Открывая дверь палаты, в которой ее ждала подруга, Лана предполагала увидеть возмущенную кошку с распушившимся хвостом и услышать разъяренное шипение, но на кровати свернулась клубком очень грустная и несчастная зверюшка.
Она словно не видела вошедших, продолжая смотреть остановившимся взглядом в стену. Лана вопросительно взглянула на доктора, тот пожал плечами и нарочито бодро спросил:
— Вы готовы ехать домой, Леночка? За вами подруга пришла.
— Не готова, — прошептала Леночка, не меняя позы. — С ней не готова. Я сама доберусь.

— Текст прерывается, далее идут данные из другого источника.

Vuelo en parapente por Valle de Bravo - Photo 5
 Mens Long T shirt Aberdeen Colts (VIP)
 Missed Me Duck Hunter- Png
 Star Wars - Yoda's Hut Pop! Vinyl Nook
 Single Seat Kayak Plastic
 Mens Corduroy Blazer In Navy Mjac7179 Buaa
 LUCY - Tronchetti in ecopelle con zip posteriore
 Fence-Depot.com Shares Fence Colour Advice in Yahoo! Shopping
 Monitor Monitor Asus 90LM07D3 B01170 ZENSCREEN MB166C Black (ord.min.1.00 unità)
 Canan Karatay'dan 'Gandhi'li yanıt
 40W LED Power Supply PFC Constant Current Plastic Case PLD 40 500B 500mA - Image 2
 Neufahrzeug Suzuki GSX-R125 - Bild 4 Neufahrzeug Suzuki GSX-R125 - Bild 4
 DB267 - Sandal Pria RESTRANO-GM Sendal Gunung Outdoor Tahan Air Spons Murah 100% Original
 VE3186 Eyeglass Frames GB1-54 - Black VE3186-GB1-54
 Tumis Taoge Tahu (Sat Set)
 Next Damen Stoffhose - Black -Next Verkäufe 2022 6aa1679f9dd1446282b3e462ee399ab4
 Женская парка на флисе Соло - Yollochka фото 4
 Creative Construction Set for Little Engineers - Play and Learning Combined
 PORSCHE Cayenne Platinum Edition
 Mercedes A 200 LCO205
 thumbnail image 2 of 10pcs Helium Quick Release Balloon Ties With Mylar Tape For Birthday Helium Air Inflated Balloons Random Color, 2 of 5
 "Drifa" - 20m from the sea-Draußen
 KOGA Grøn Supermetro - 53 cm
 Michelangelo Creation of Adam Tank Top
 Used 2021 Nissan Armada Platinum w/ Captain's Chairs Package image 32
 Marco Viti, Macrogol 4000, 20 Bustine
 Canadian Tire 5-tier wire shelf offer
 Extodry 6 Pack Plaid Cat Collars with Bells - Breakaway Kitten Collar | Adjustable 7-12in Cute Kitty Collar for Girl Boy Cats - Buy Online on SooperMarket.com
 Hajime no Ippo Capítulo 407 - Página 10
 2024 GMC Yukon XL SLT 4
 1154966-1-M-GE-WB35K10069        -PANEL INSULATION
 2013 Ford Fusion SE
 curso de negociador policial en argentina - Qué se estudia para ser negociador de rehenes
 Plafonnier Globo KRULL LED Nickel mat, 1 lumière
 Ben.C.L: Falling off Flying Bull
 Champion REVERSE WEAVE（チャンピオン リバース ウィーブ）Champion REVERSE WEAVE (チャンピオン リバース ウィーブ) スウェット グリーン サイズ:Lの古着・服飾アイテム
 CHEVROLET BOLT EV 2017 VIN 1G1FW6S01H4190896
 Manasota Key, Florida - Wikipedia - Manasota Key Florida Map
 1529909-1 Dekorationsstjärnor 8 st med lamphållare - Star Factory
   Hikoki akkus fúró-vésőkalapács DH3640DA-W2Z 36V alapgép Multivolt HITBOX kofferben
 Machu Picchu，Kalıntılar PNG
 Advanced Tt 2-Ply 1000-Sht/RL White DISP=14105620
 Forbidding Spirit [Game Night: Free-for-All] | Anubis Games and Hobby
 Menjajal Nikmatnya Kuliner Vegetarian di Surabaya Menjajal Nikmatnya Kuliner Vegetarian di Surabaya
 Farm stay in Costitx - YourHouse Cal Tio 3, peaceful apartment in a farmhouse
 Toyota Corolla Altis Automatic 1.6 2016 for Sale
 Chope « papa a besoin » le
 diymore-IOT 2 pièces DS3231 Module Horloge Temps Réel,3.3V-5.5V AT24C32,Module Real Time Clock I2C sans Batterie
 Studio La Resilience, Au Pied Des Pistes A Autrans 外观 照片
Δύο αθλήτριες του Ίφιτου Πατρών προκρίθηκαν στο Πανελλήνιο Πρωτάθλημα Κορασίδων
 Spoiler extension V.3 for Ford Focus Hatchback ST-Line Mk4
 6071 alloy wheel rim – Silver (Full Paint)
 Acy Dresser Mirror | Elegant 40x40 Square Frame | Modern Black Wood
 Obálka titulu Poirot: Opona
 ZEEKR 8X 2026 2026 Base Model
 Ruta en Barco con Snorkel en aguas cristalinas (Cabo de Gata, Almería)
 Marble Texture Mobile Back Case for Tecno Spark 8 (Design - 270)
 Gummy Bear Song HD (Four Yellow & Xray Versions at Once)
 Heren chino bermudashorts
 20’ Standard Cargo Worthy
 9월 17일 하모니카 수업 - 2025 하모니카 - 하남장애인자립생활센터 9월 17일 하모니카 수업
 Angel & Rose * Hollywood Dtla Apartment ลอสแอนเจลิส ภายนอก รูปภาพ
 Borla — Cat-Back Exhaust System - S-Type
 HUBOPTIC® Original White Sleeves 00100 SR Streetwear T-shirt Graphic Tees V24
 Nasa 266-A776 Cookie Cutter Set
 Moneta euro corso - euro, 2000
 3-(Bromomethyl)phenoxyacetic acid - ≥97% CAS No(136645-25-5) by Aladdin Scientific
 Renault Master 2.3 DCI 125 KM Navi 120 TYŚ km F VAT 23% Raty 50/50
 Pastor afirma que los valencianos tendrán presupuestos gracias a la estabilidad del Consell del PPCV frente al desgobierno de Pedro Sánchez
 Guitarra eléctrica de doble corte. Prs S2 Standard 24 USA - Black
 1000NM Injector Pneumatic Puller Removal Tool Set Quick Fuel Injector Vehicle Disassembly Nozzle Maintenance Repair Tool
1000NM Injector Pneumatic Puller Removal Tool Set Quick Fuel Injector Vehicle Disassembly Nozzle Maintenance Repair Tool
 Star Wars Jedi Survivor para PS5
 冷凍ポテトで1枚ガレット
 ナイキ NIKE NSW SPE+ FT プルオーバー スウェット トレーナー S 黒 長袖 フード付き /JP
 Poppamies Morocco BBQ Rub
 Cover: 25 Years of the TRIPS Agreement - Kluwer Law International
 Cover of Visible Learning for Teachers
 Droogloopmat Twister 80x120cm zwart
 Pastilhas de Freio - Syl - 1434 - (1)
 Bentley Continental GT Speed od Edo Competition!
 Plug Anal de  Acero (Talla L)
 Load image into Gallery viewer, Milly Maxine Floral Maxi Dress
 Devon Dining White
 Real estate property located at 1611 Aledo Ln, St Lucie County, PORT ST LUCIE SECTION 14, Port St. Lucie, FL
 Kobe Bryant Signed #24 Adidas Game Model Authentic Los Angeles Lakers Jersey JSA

Понятно. Она все вспомнила. Сама. И теперь старательно накачивает себя обидой, как воздушный шарик — гелием. А объясняться в присутствии пусть и очень любезного, но все же постороннего человека совсем не хочется. К тому же вездесущая медсестричка сегодня дежурит — торчала на посту, Лана видела ее, когда проходила. Но если бы даже не видела, то ментальный пинок в… пусть будет в спину, все равно почувствовала.
— Ну зачем вы так, Лена, — успокаивающе заворковал доктор. — Ланочка ведь действовала исключительно исходя из ваших интересов.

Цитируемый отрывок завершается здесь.